# 10 weeks, 10 lbs and 1.5 cups/day??



## T-bear (Jan 31, 2014)

Would this be average feed amount?

We started at 8 weeks with 1/4 cup 4x per day and are now 1/2 cup 3x per day. The concern is she scarfs it down and then whines for more. I don't want to over feed but is the whining a sign that she actually does need more?

Just trying to plan out how much and when to increase. Plan is to go to 2 feedings daily at 6 months.


----------



## hcrowder (Dec 26, 2013)

It really depends on the quality of the food you are feeding. Kibbles vary on the nutritional feeding guides. 

I know thought Penny was getting way to much food but she would whine for more. I gave her more until she stopped whining for a week and she didn't appear to have gained any weight (other than what was normal for growing).
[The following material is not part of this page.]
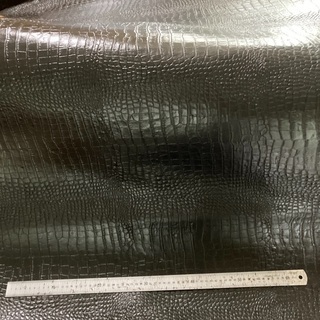 レザー半裁型押し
She isn't as lean as some puppies but she is still young and sometimes seems to grow so much overnight that she will go to bed a little on the meaty side and wake up skinny. I think as long as you keep an eye on her and adjust if she starts to put on more weight then normal that feeding more is fine. 

Mine eats raw and on active days she will eat about 850g of meat and bones. She eats at least 1500 calories a day. Once she isn't growing I expect she will eat less.


----------



## T-bear (Jan 31, 2014)

Sorry, left the food source factor out....feeding Acana Puppy a Large Breed. 420 kcal per cup. Based on bag instructions, 1.5 cups seems reasonable.


----------